Asked by Anonymous at 9:09 PM on Oct. 1, 2009 in Relationships

Answers (4)
  • Hang in there hun! You will figure it out. Is there any support groups in your area? Sounds like you could use a friend.
    Jessycwr

    Answer by Jessycwr at 9:12 PM on Oct. 1, 2009

  • im sorry...but atleast you got your girls and arnt completely alone...i wish i could help you more
    danette624

    Answer by danette624 at 9:14 PM on Oct. 1, 2009

  • That's so hard, I'm so sorry things aren't easier for you and your family. I hope it is some comfort to you that your husband is a real hero and you are a hero too, for holding up the family all by yourself while he's away.

    Depression can make you physically sick. You should really talk to your doctor about how you are feeling.

    There is no substitute for a real live support system. Do a little research and see if there is a support group for military families in your area. You may be able to meet other women going through something similar.

    If that doesn't work, I am sure there are some groups here on Cafemom and there are a lot of awesome military mamas on here.

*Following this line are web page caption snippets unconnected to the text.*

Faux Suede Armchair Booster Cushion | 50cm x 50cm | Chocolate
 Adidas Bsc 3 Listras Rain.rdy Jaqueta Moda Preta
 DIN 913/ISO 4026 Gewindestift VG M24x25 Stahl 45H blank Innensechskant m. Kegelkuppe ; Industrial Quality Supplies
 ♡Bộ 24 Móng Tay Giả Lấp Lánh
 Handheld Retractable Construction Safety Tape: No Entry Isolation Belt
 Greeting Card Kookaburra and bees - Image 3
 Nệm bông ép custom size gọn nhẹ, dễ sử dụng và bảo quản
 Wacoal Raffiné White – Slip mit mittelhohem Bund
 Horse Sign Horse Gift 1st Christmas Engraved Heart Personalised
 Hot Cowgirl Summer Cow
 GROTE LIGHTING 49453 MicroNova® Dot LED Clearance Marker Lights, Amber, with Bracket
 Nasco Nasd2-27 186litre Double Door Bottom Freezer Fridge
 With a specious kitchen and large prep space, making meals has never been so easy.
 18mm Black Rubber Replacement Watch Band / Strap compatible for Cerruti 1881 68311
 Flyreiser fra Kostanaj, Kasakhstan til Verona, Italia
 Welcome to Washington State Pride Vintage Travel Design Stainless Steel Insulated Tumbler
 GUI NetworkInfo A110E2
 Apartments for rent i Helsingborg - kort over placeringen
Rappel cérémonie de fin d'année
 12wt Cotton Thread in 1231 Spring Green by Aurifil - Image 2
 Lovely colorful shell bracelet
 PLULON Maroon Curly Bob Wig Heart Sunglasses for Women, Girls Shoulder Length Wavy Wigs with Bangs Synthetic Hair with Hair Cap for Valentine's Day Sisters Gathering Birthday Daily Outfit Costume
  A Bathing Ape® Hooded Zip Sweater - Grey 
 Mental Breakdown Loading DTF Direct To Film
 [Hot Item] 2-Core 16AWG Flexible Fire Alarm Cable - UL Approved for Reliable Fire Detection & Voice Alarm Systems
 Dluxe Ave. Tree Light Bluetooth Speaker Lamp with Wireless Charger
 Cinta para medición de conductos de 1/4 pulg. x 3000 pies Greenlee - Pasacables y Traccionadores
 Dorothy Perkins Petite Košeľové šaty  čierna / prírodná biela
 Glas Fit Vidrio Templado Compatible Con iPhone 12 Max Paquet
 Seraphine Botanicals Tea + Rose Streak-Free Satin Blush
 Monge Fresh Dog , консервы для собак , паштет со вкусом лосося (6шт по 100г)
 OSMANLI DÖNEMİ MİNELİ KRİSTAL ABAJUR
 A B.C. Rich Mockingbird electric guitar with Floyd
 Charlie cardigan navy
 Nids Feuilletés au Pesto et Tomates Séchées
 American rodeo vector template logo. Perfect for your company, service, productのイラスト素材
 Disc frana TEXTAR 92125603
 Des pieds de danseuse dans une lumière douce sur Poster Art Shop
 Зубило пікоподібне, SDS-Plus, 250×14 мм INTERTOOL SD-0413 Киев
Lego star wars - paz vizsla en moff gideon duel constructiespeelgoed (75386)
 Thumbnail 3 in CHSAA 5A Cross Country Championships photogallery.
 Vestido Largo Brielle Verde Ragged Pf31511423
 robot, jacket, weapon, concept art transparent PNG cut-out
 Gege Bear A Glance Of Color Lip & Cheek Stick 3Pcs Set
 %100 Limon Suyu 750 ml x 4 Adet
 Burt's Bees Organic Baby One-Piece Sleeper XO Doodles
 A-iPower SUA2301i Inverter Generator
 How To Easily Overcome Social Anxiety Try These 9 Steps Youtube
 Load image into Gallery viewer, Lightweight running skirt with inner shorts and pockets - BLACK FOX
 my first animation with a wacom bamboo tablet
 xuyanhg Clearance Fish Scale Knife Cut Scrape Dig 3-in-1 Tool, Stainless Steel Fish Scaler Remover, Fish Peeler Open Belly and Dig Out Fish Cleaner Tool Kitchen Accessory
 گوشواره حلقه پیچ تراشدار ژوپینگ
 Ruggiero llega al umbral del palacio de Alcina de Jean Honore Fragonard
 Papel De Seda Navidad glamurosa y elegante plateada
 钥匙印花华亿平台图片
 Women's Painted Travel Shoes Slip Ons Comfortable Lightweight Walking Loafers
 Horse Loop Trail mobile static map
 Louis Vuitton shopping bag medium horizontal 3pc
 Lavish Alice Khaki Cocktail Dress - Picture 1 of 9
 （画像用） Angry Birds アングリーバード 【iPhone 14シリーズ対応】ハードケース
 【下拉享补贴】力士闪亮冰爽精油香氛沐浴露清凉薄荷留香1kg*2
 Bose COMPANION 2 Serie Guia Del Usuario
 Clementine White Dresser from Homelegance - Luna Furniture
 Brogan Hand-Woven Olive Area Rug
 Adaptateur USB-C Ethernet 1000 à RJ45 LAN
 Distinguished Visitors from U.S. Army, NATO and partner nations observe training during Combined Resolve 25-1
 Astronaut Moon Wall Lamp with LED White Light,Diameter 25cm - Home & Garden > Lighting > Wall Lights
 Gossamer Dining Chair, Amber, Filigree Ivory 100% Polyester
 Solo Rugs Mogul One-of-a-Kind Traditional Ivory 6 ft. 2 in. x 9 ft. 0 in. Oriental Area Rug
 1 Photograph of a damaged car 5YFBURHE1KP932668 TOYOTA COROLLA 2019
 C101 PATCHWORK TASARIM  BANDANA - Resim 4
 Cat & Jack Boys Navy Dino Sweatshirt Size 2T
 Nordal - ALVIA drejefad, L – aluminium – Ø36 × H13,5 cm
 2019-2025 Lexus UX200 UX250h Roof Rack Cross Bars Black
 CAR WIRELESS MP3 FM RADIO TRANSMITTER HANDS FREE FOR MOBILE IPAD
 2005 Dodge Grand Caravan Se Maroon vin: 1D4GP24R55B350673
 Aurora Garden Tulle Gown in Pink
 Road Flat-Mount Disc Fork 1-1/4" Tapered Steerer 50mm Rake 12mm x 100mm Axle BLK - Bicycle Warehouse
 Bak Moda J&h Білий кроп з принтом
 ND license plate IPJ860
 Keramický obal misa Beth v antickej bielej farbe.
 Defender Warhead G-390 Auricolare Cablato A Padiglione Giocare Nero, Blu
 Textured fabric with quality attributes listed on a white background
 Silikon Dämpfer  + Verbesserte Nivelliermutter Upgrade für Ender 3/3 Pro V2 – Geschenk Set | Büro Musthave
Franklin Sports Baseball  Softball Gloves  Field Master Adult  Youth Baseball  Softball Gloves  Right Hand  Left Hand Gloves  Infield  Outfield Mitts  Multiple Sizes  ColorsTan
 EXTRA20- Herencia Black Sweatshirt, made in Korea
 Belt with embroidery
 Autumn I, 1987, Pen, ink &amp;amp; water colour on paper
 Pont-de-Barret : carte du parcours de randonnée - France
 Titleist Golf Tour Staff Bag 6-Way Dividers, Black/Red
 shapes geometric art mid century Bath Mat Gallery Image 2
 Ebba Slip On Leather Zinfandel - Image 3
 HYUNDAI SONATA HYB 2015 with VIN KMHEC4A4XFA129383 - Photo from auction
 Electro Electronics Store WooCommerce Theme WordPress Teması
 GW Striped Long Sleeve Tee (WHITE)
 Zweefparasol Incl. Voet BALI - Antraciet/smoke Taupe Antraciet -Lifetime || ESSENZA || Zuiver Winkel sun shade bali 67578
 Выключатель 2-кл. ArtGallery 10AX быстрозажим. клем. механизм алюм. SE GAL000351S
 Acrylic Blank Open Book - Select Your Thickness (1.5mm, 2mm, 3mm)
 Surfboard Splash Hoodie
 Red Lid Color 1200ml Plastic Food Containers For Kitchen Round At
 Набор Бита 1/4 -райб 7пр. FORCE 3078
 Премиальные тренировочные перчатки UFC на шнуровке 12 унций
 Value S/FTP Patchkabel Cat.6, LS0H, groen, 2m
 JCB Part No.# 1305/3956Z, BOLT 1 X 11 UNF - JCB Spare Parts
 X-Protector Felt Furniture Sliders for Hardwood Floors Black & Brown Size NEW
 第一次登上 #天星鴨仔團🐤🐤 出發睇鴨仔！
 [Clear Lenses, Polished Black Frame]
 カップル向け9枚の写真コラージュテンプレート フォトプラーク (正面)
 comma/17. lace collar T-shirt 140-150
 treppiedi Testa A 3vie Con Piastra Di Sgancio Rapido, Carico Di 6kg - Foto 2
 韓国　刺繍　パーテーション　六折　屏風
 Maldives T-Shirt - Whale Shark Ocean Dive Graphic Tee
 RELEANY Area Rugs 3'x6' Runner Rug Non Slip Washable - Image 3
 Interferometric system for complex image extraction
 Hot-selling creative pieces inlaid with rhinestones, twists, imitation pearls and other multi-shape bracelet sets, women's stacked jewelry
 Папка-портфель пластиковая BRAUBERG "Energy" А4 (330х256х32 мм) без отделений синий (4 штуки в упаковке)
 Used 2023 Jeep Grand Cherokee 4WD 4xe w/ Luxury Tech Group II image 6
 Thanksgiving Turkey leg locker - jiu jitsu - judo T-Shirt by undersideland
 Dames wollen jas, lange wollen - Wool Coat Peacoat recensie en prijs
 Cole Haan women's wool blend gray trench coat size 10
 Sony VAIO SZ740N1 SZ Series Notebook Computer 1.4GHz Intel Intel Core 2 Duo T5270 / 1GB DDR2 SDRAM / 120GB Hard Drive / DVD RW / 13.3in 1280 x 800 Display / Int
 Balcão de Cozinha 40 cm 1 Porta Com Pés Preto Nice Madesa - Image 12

    I hope things get better for you. Good luck!
    beckcorc

    Answer by beckcorc at 9:15 PM on Oct. 1, 2009

  • My husband isn't in the military, so it's not even close to the same situation but my hubby does work out of town for months sometimes but we do get to see each other atleast a couple of times a month when he's gone. When he first started going out of town and I had to stay home because of the kids, it was hard (and I was lucky enough to be able to call anytime I wanted, so that did make it much easier), but after a few days of being afraid to be alone at night, of missing my hubby, missing my routine etc, I embraced the time we had apart, and learned to make some decisions, learned how to manage the kids, the money, homework etc without him here to help me. Again, it's completely different situation but you'll get thru this. You've got to be strong for your children. Spend time writing Dad letters, making him cards, making care packages etc. Start volunteering at the school, fundraisers for miliarty etc. Stay busy.